Both motor speed and direction are easily controlled using the picAxe 14m. The speed and direction motor drives most small DC electric motors up to 1A stall current. It uses the Toshiba TA 8080K to drive the motor. This is a chance to exercise the capabilities of the 8080. Yes, the 8080 which gives some of us flashbacks to the early microprocessor days!

Steering is controlled by using a servo. In the buggy bot, this servo turns steerable front wheels. While you can also use the servo to steer the drive wheels as in the tricycle robot base project.

What is a picAxe?

A picAxe is a pic microcontroller (In this case a PIC16F684.) with a built-in BASIC Language Interpreter. Yes, it eats up a bit of memory and can do only a limited number of things. But you cannot beat a pixAxe for experimenting and playing around. If you use them correctly, they can serve well. But you may need to dedicate the chip. For example, dogBot used a picAxe 14m just like this project. It could drive Servos, OR Drive Electronic Motor Controllers. Trying to get it to do both is pushing the capabilities.

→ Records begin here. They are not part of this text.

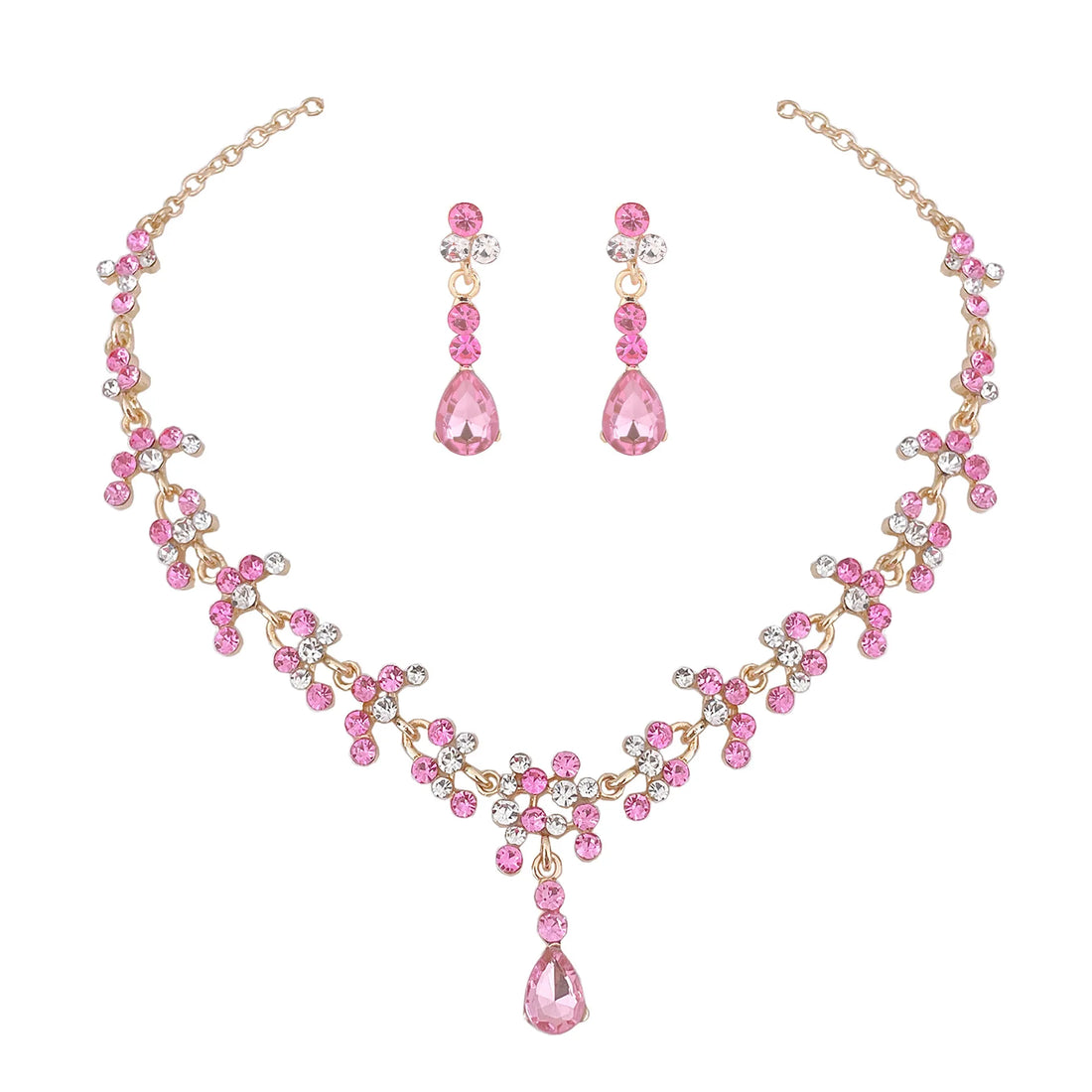 KMVEXO Crystal Bridal Wedding Jewelry Sets Women Gold Color Rhinestone Necklace Long Earrings Set Dress Accessories Bridesmaid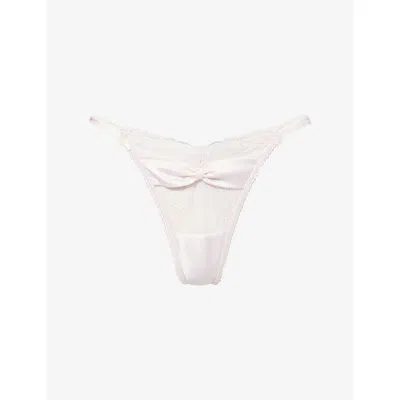 Lounge Womens  Underwear Attract Bow Lace Thong In Pink
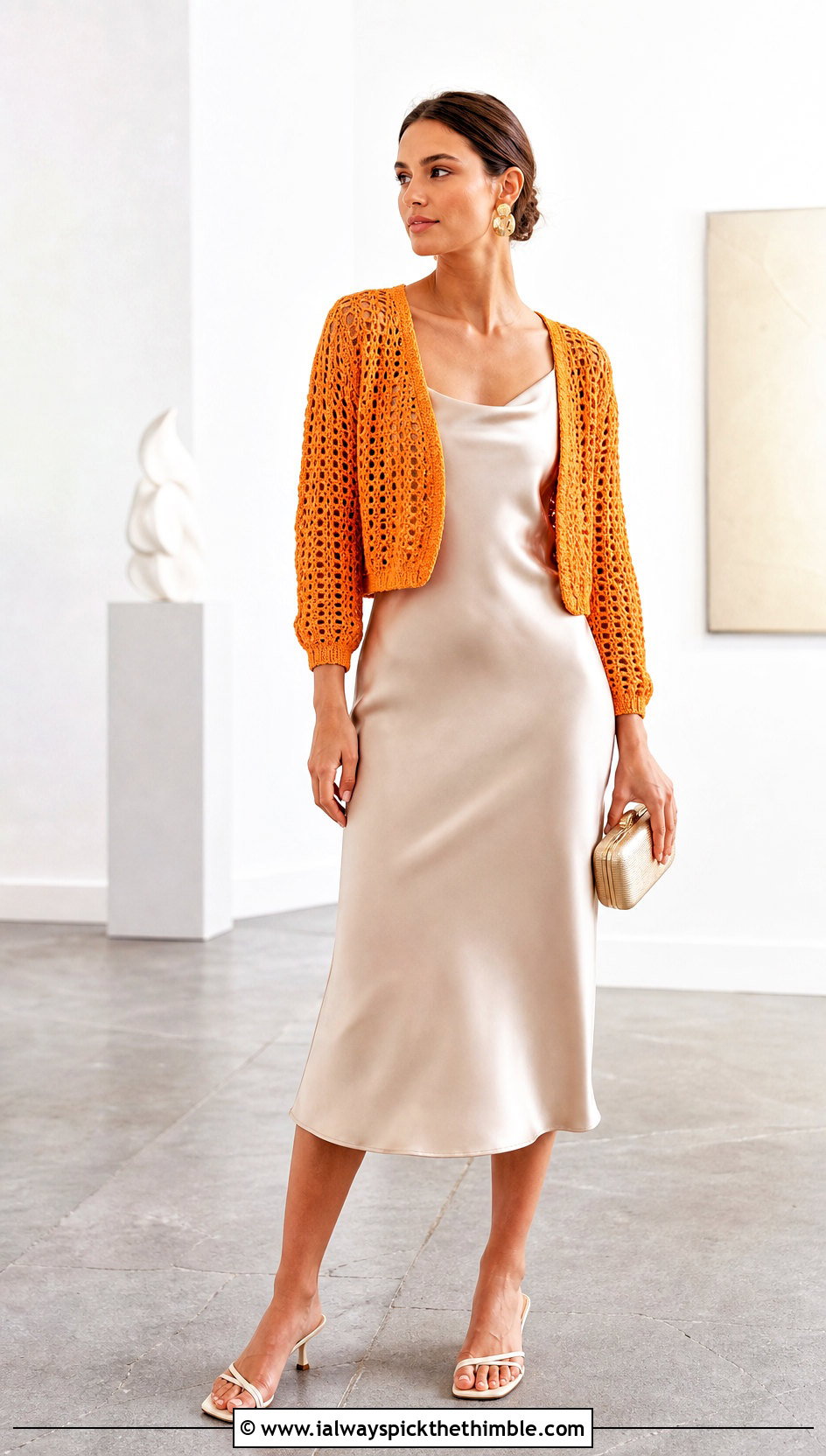 Crochet Cardigan With Satin Slip Dress - 15 summer crochet outfits ideas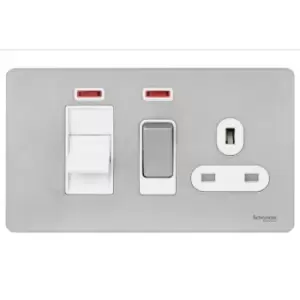 Image of Schneider Electric Ultimate Screwless Flat Plate - Switched Cooker Control Unit with 13A Single Power Socket, Neon Indicator, 45A, GU4401WSS, Stainles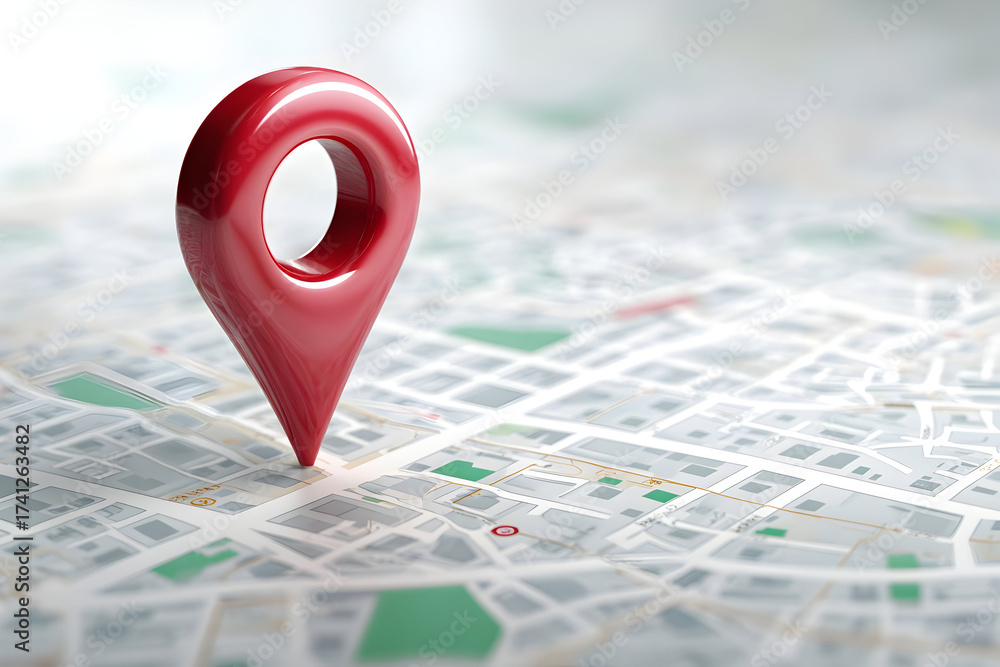 Fototapeta premium Folded paper city map with gray streets and red location pin for travel and navigation concept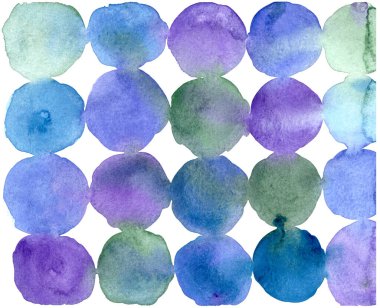 Beyaz arkaplan üzerinde çok renkli mavi mor dairelerin soyut dokusal suluboya deseni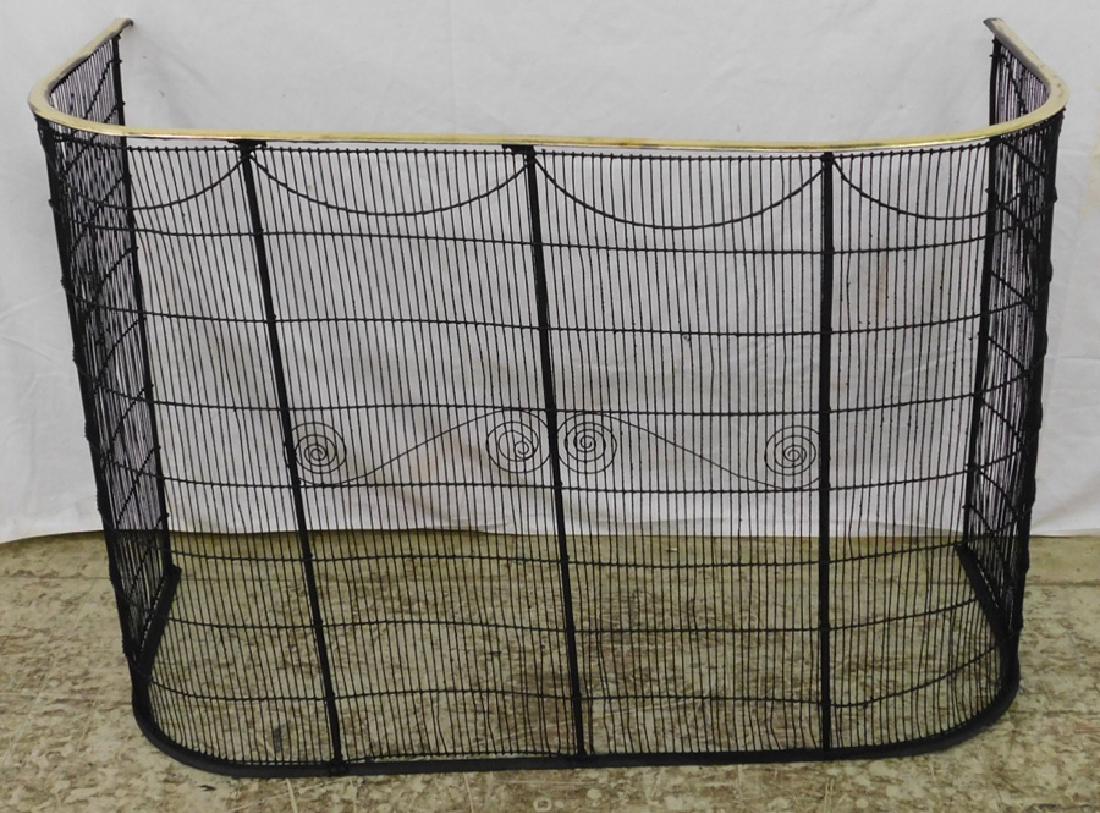 Iron grill fire screen with brass trim. (1 of 2)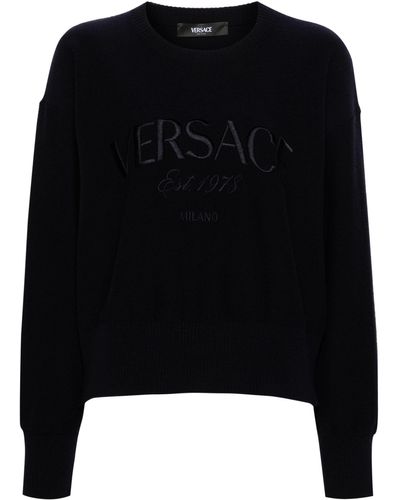 Versace Logo Embroidered Sweater - Black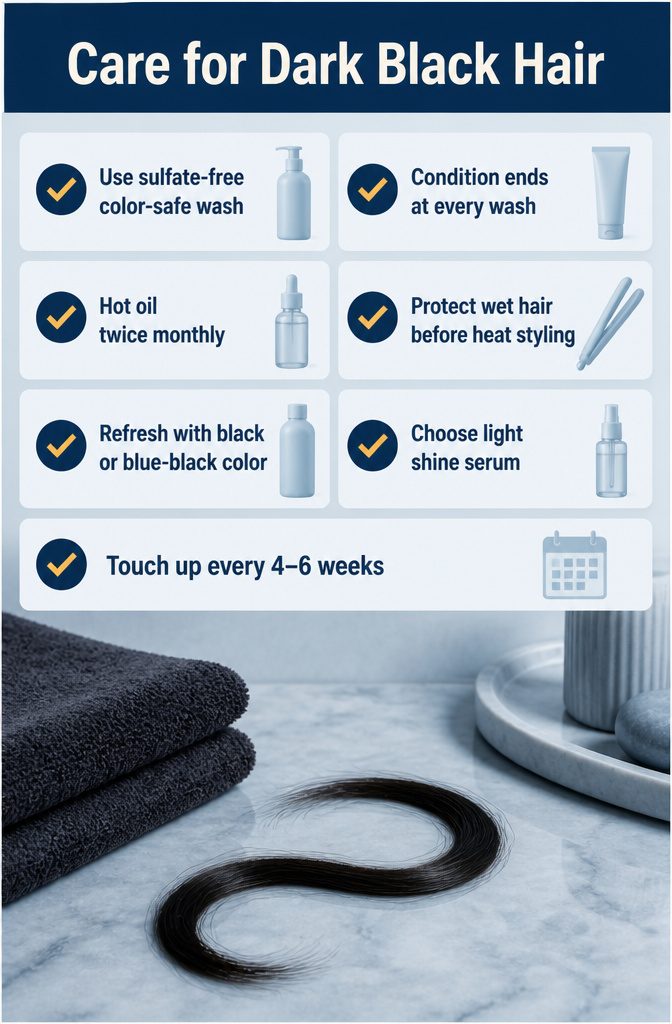 Dark hair care chart listing shampoo conditioner heat protection and shine serum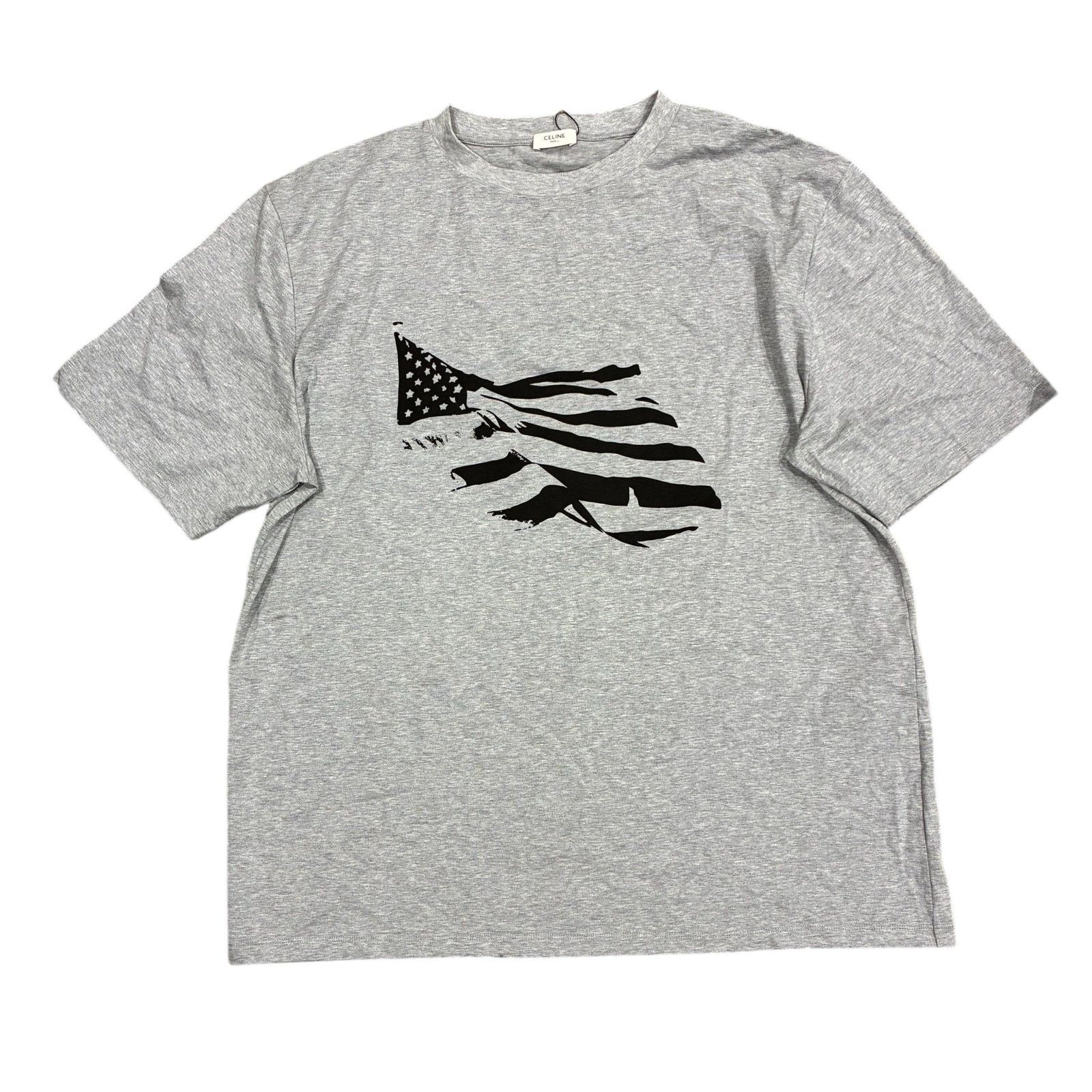 Celine Celine American Flag Grey Tee Size US M / EU 48-50 / 2 - 1 Thumbnail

When you need to use more of the chips capabilities, you get a bigger chip, or you program the PIC16F684 in a compiled language instead of as a picAxe.

picAxe 8m`s are other examples, while the chip itself can decode IR signals, the limitations on number of pins restrict it from many applications. An m8 can control a motor, but little else. The 14m in this project uses all the available outputs and could still use more. Achieve complexity by using more than one chip. (Or go straight to assembly language or C compiler which gives you much more memory, but makes programming difficult.)

Here is the simple schematic for the electronic control part of the Buggy Bot. Notice no inputs hooked up at all. You can store and execute driving patterns.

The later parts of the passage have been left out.